Exercise.
Please reproduce the records exactly, leaving out any pictures.

Data.
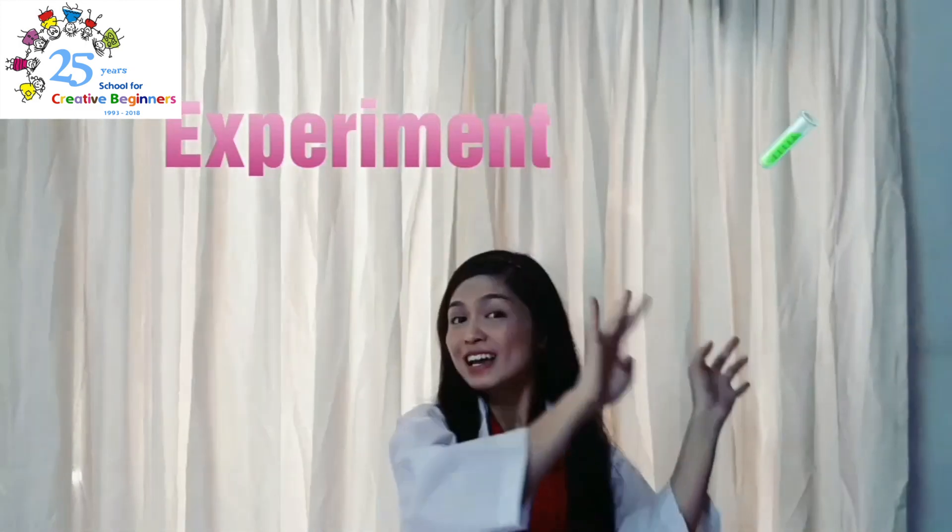Hello, everybody! This is Teacher Thea, and today is... Experiment Time!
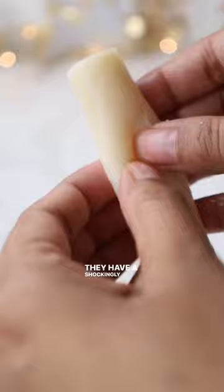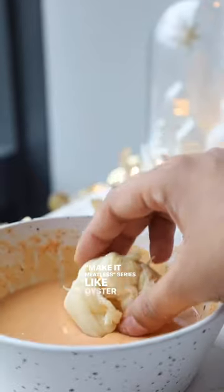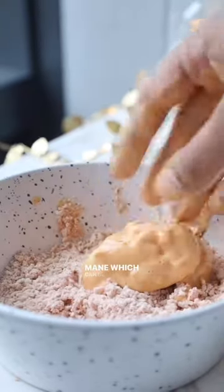They have a shockingly meat-like texture, and they're a lot more affordable than other varieties I've used in my Make It Meatless series, like oyster mushrooms or lion's mane, which can be super expensive.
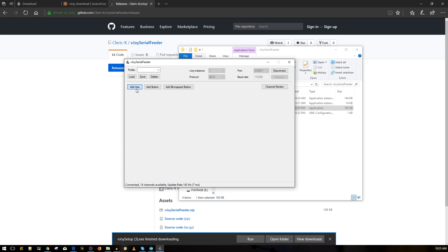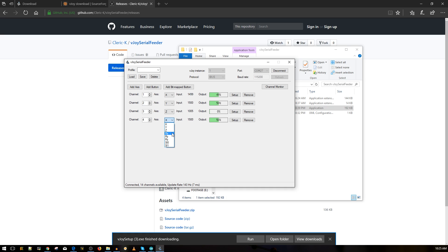Now we need to add the axes. Click Add Axes: Channel 1, set it to X. Channel 2, set it to Y. Channel 3, set it to the third axis. Channel 4, set it to the fourth axis. You can see it's working - the roll axis is responding. You don't really need to add buttons, but you can play with that later. Double-check everything looks correct.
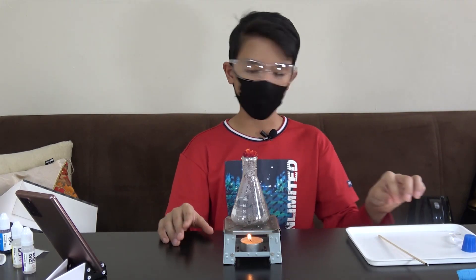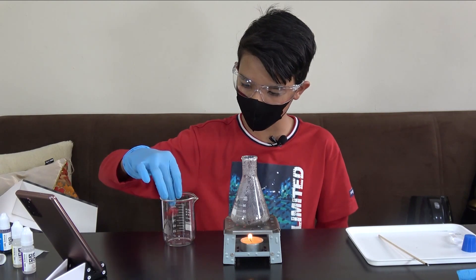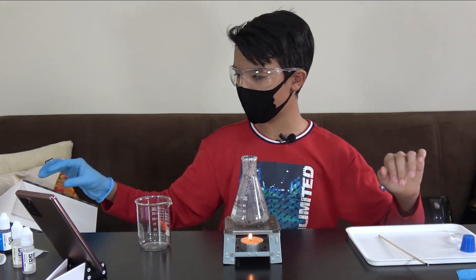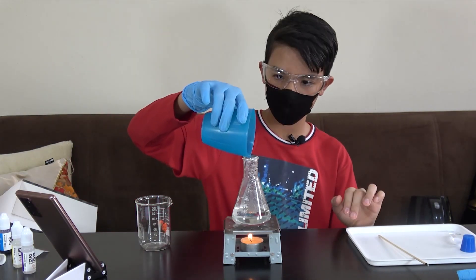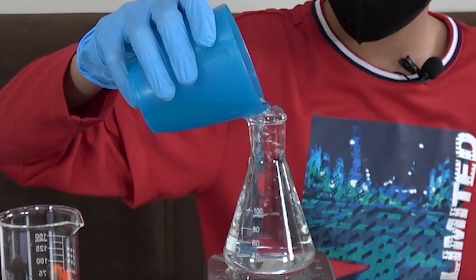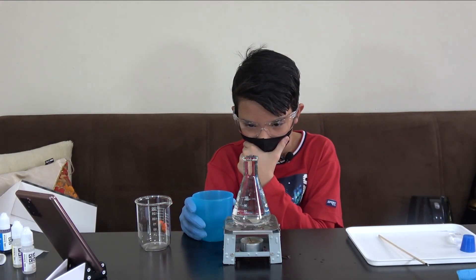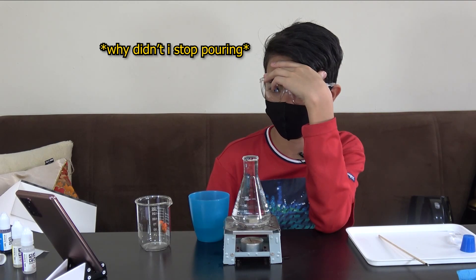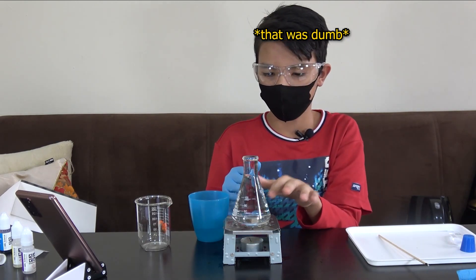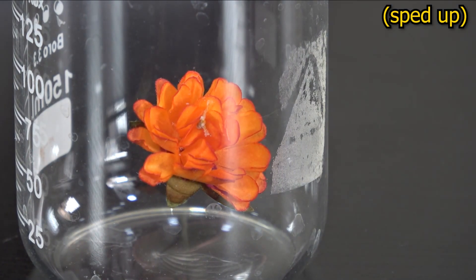The five minutes is up, and as you can see our flower turned red — that's pretty amazing, mashallah! Now I'll get some gloves and transfer the flower to the beaker, just like that. To stop the release of gas from the flask, I will pour some water in, and then I will extinguish the candle.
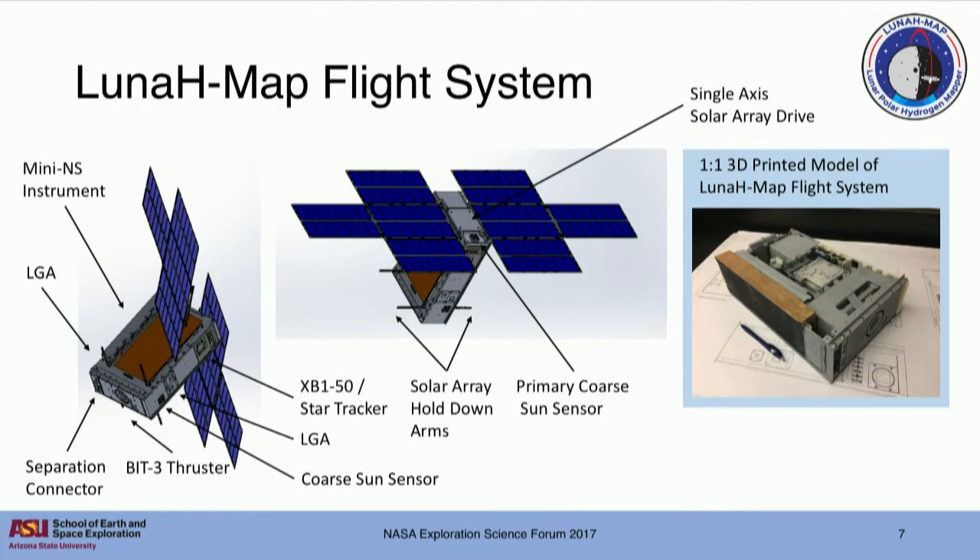We just finished our 3D printed model and I'd like to show it off because it's now a real thing. I'm always impressed by just how small it actually is, despite working on it day in and day out. You forget that it really is the size of like four coffee cups or something. It's very small.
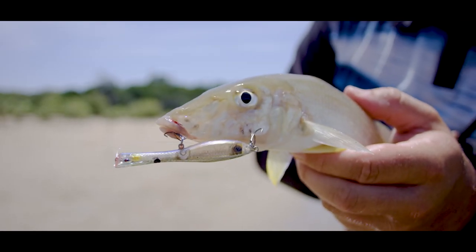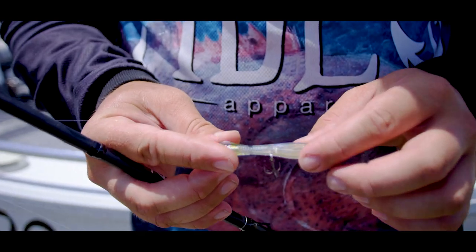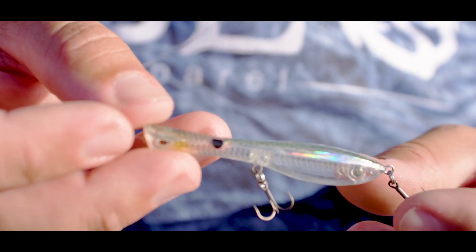One of the cool features of this little dart wing is the casting weight in the back. It's super important when you're flats fishing because you need to cover a lot of ground.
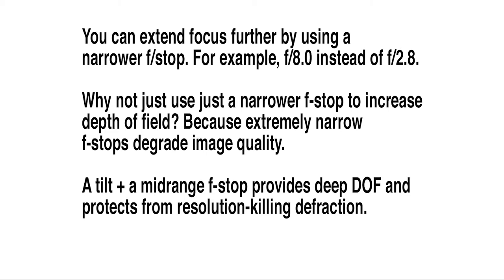Why not just continue that process to the limit of the aperture? Because at some point, the narrower you make the aperture — the higher the f-stop number — you start to introduce diffraction. Diffraction is a type of imaging flaw where things once again become blurry. So you want to use a mid-range f-stop like f8.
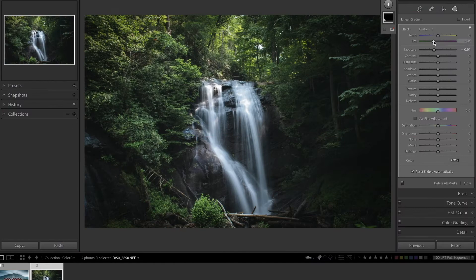Hi everyone, I'm Luke Stackpole and I'm a lifestyle and landscape photographer from the UK. Welcome to my little Colour Pro editing workshop.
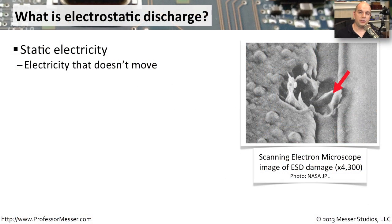When we're using electricity, we're so used to plugging into a power source and having that electricity move through a device. It completes a circuit, it's able to power our equipment, and it's constantly in motion. But static electricity doesn't work that way — static electricity doesn't move at all.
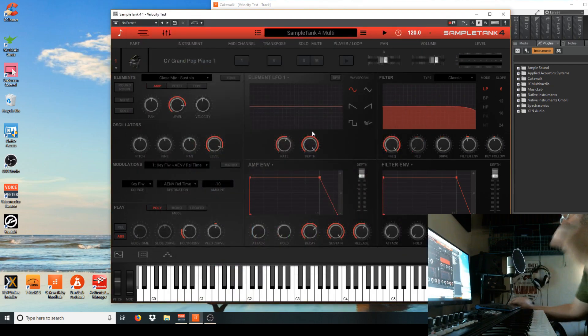Did you hear that Native Instruments is laying off 20% of their workforce? Yeah, bummer. Anyways, this is the matrix for Sample Tank 4. Unlike other velocity curves that have something like four or five options to pick from, you just have this dial style here.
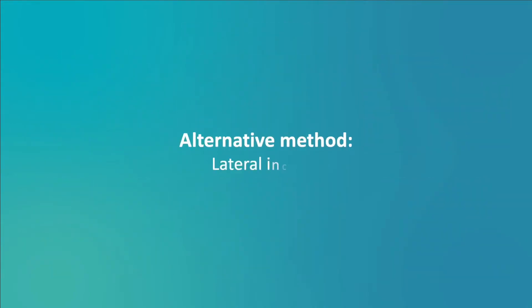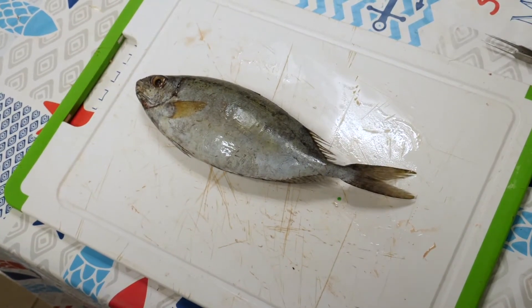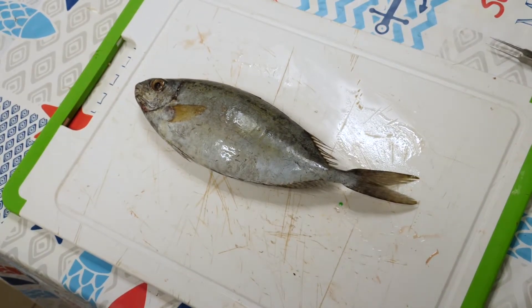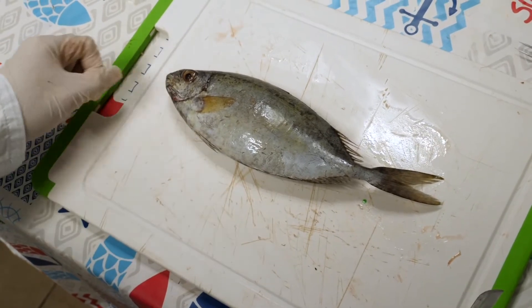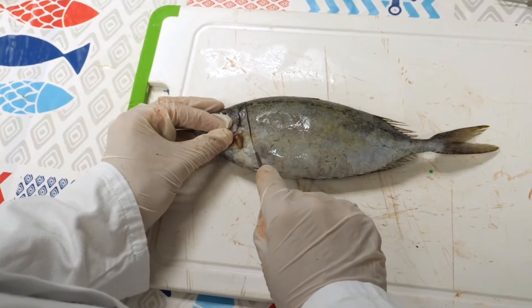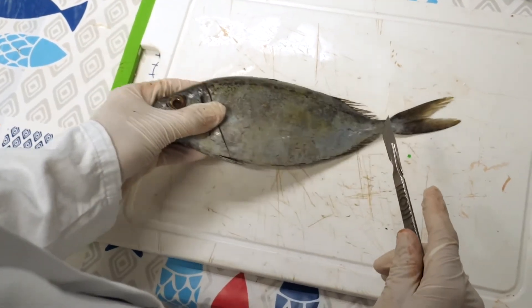Alternative method: lateral incision. A second method is used for herbivorous fish, particularly the Acanthuridae family, such as the unicorn fish, and the Siganidae, such as the rabbit fish. The principle of this method is to use a scalpel to make a lateral incision from the gills to the anus on both sides of the fish. As you get close to the abdomen, the incision must be increasingly shallow so as not to damage the internal organs. Do the same thing on the other side.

Response area.
Hello, everybody! This is Teacher Thea, and today is... Experiment Time!
They have a shockingly meat-like texture, and they're a lot more affordable than other varieties I've used in my Make It Meatless series, like oyster mushrooms or lion's mane, which can be super expensive.
Now we need to add the axes. Click Add Axes: Channel 1, set it to X. Channel 2, set it to Y. Channel 3, set it to the third axis. Channel 4, set it to the fourth axis. You can see it's working - the roll axis is responding. You don't really need to add buttons, but you can play with that later. Double-check everything looks correct.
The five minutes is up, and as you can see our flower turned red — that's pretty amazing, mashallah! Now I'll get some gloves and transfer the flower to the beaker, just like that. To stop the release of gas from the flask, I will pour some water in, and then I will extinguish the candle.
We just finished our 3D printed model and I'd like to show it off because it's now a real thing. I'm always impressed by just how small it actually is, despite working on it day in and day out. You forget that it really is the size of like four coffee cups or something. It's very small.
One of the cool features of this little dart wing is the casting weight in the back. It's super important when you're flats fishing because you need to cover a lot of ground.
Why not just continue that process to the limit of the aperture? Because at some point, the narrower you make the aperture — the higher the f-stop number — you start to introduce diffraction. Diffraction is a type of imaging flaw where things once again become blurry. So you want to use a mid-range f-stop like f8.
Hi everyone, I'm Luke Stackpole and I'm a lifestyle and landscape photographer from the UK. Welcome to my little Colour Pro editing workshop.
When we're using electricity, we're so used to plugging into a power source and having that electricity move through a device. It completes a circuit, it's able to power our equipment, and it's constantly in motion. But static electricity doesn't work that way — static electricity doesn't move at all.
Did you hear that Native Instruments is laying off 20% of their workforce? Yeah, bummer. Anyways, this is the matrix for Sample Tank 4. Unlike other velocity curves that have something like four or five options to pick from, you just have this dial style here.
Alternative method: lateral incision. A second method is used for herbivorous fish, particularly the Acanthuridae family, such as the unicorn fish, and the Siganidae, such as the rabbit fish. The principle of this method is to use a scalpel to make a lateral incision from the gills to the anus on both sides of the fish. As you get close to the abdomen, the incision must be increasingly shallow so as not to damage the internal organs. Do the same thing on the other side.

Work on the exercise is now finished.